Workflow is a directed acyclic graph (DAG) of tasks, and task is a unit of work represented with a class. Each task and its upstream dependencies are specified with a class definition:

from taskproc import TaskBase, Requires, Const

class Choose(TaskBase):
    """ Compute the binomial coefficient. """
    # Inside a task, we first declare the values that must be computed in upstream.
    # In this example, `Choose(n, k)` depends on `Choose(n - 1, k - 1)` and `Choose(n - 1, k)`,
    # so it requires two `int` values.
    prev1: Requires[int]
    prev2: Requires[int]

    def __init__(self, n: int, k: int):
        # The upstream tasks and the other instance attributes are prepared here.
        # It thus recursively defines all the tasks we need to run this task,
        # i.e., the entire upstream workflow.

        if 0 < k < n:
            self.prev1 = Choose(n - 1, k - 1)
            self.prev2 = Choose(n - 1, k)
        elif k == 0 or k == n:
            # We can just pass a value to a requirement slot directly without running tasks.
            self.prev1 = Const(0)
            self.prev2 = Const(1)
        else:
            raise ValueError(f'{(n, k)}')

    def run_task(self) -> int:
        # Here we define the main computation of the task,
        # which is delayed until it is necessary.

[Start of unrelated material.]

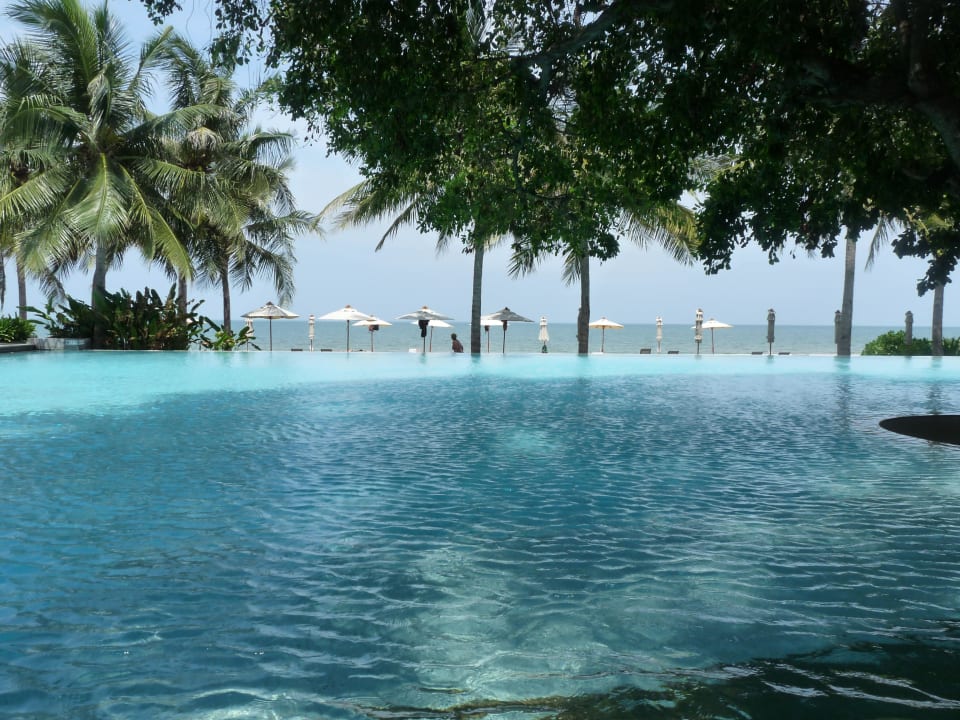 Pool Veranda Resort & Villas Hua Hin Cha Am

        # The return values of the prerequisite tasks are accessible via the descriptors:
        return self.prev1 + self.prev2

# To run the task as well as the upstreams, use the `run_graph()` method.
ans = Choose(6, 3).run_graph()  # `ans` should be 6 Choose 3, which is 20.

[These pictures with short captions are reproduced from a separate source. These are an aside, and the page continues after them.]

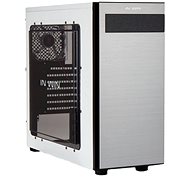 IN WIN 703 white / silver - PC Case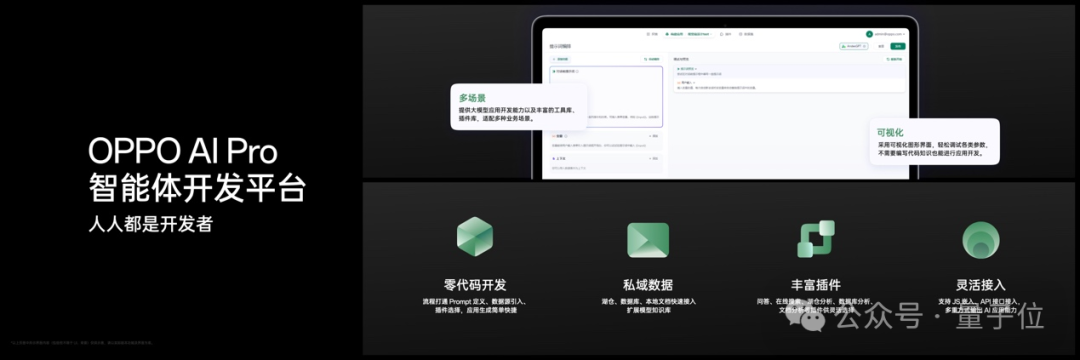 OPPO打響AI手機第一槍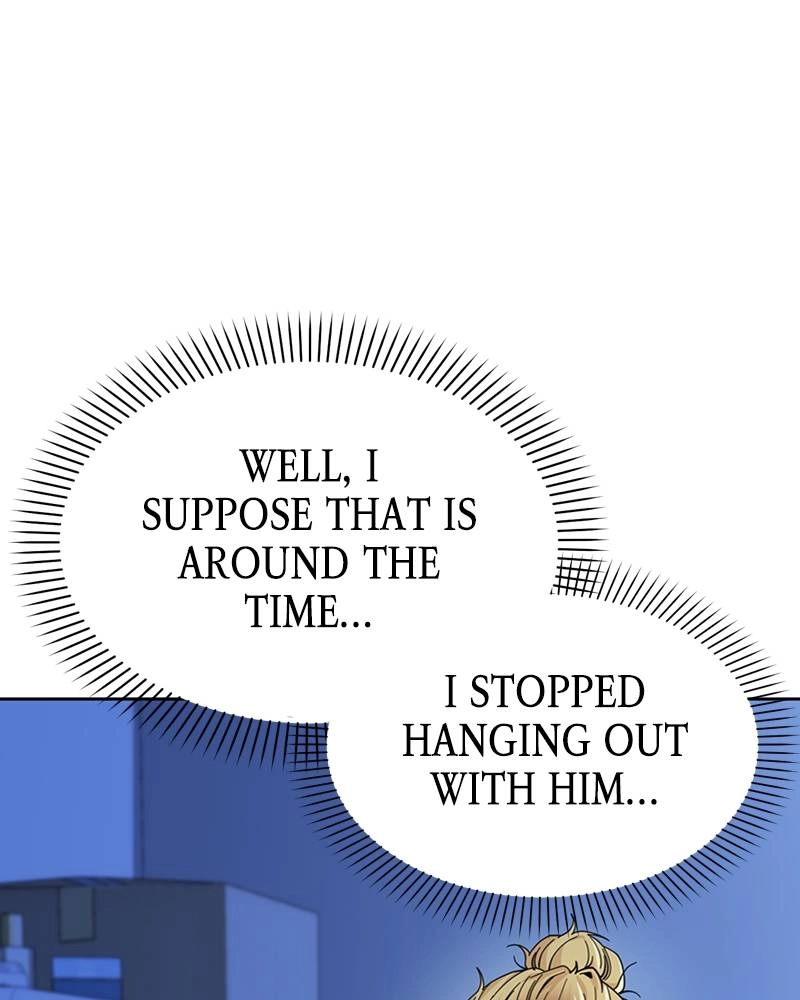 Maybe Meant to Be Chapter 7 - When Did I Page 85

# It greedily executes all the necessary tasks as parallel as possible
# and then spits out the return value of the task on which we call `run_graph()`.
# The return values of the intermediate tasks are cached at
# `{$TP_CACHE_DIR:-./.cache}/taskproc/{module_name}.{task_name}/results/...`
# and reused on the fly whenever possible.

Deleting cache

It is possible to selectively discard cache:

# After some modificaiton of `Choose(3, 3)`,
# selectively discard the cache corresponding to the modification.
Choose(3, 3).clear_task()

# `ans` is recomputed tracing back to the computation of `Choose(3, 3)`.
ans = Choose(6, 3).run_graph()

# Delete all the cache associated with `Choose`,
# equivalent to `rm -r {$TP_CACHE_DIR:-./.cache}/taskproc/{module_name}.Choose`.
Choose.clear_all_tasks()            

Task IO

The arguments of the __init__ method can be anything JSON serializable + Tasks:

class MyTask(TaskBase):
    def __init__(self, param1, param2):
        ...

MyTask(
    param1={
        'upstream_task0': UpstreamTask(),
        'other_params': [1, 2],
        ...
    },
    param2={ ... }
}).run_graph()

List/dict of upstream tasks can be registered with RequiresList and RequiresDict:

from taskproc import RequiresList, RequiresDict

class SummarizeScores(TaskBase):
    score_list: RequiresList[float]
    score_dict: RequiresDict[str, float]

    def __init__(self, task_dict: dict[str, Task[float]]):
        self.score_list = [MyScore(i) for i in range(10)]
        self.score_dict = task_dict

    def run_task(self) -> float:
        # At runtime `self.score_list` and `self.score_dict` are evaluated as
        # `list[float]` and `dict[str, float]`, respectively.
        return sum(self.score_dict.values()) / len(self.score_dict)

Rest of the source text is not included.